» **PROBLEM DESCRIPTION**
The entries below are to be repeated exactly, with the pictures left out.

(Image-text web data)
========================================================================
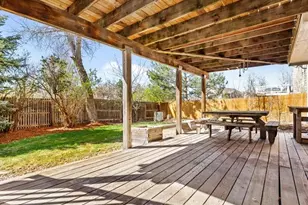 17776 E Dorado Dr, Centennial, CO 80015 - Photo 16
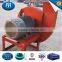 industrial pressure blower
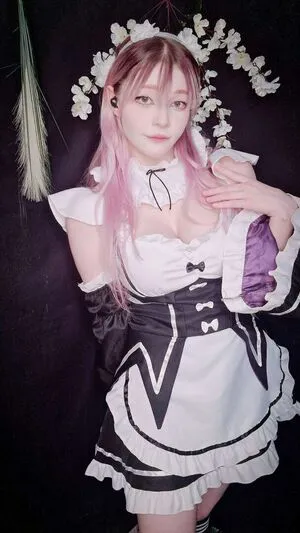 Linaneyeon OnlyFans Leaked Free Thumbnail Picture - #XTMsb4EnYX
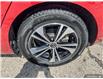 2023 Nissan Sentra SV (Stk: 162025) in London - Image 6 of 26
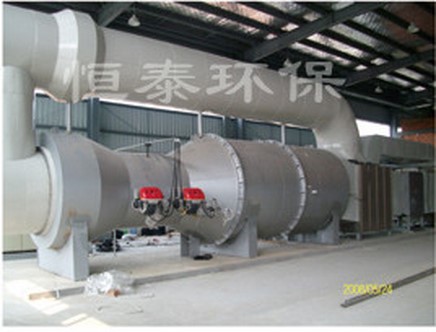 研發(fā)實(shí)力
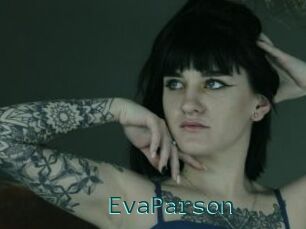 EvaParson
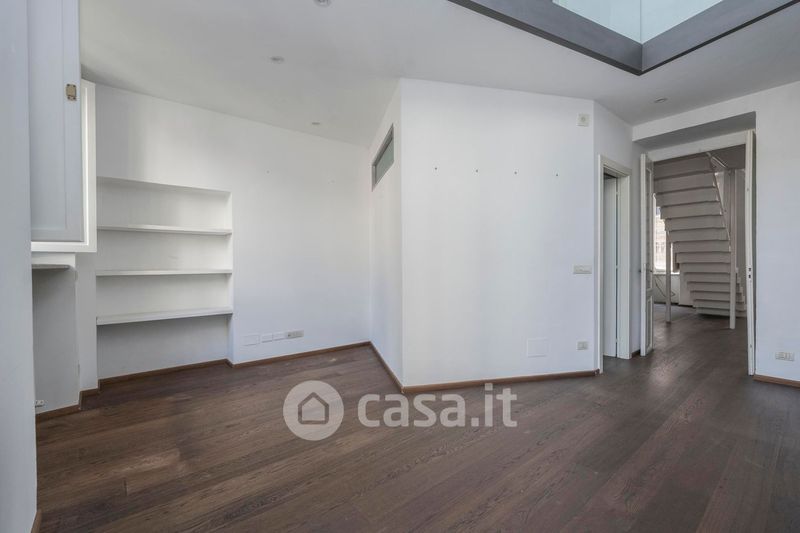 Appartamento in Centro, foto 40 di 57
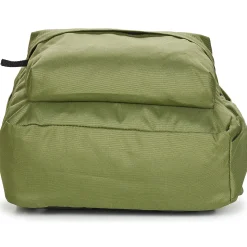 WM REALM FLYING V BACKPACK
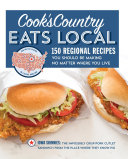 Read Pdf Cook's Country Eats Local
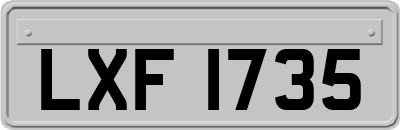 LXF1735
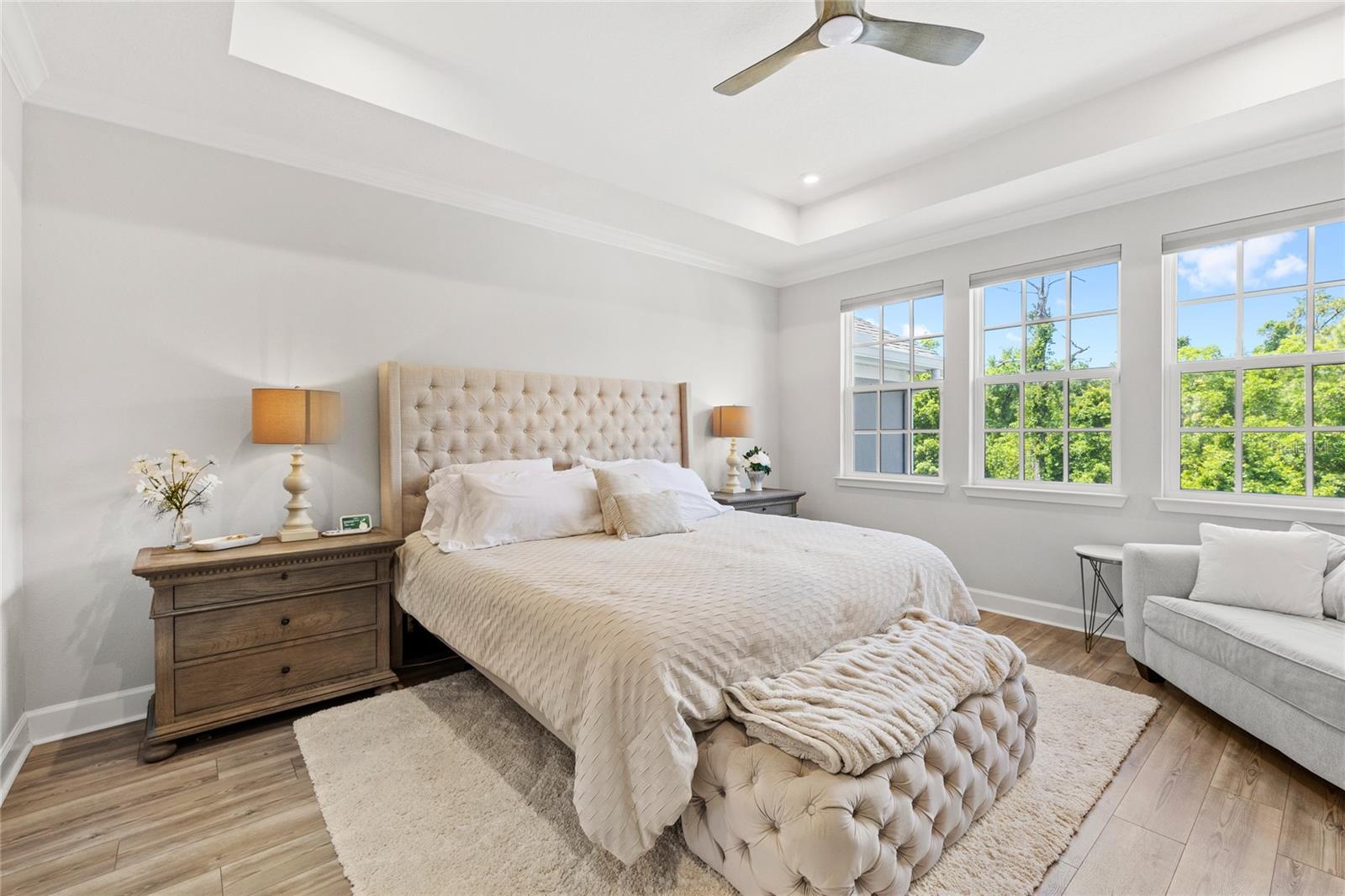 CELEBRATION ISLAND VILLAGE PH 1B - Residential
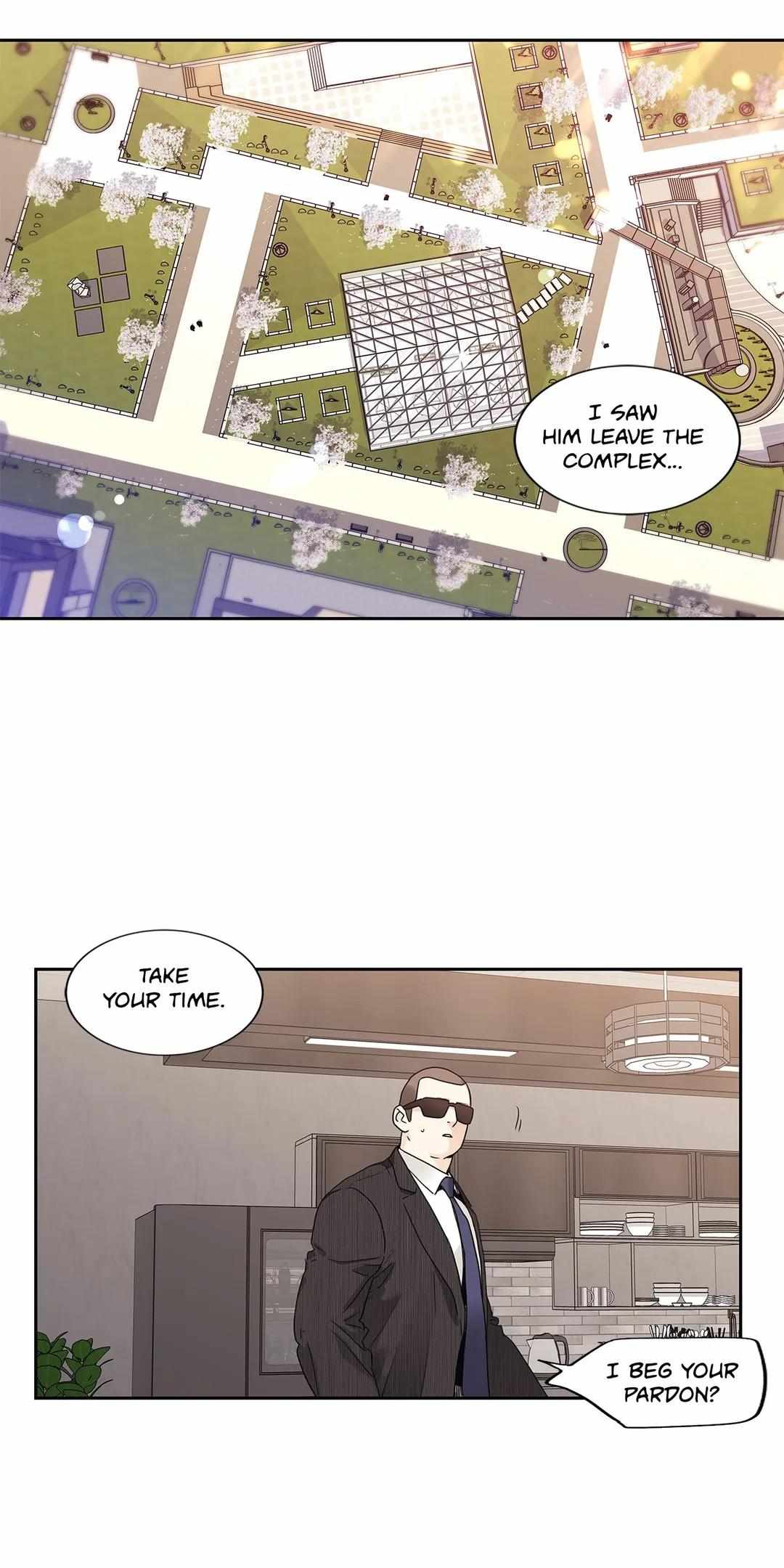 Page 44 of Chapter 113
========================================================================
» **TASK ANSWER**
 17776 E Dorado Dr, Centennial, CO 80015 - Photo 16
 industrial pressure blower
 Linaneyeon OnlyFans Leaked Free Thumbnail Picture - #XTMsb4EnYX
 2023 Nissan Sentra SV (Stk: 162025) in London - Image 6 of 26
 研發(fā)實(shí)力
 EvaParson
 Appartamento in Centro, foto 40 di 57
 WM REALM FLYING V BACKPACK
 Read Pdf Cook's Country Eats Local
 LXF1735
 CELEBRATION ISLAND VILLAGE PH 1B - Residential
 Page 44 of Chapter 113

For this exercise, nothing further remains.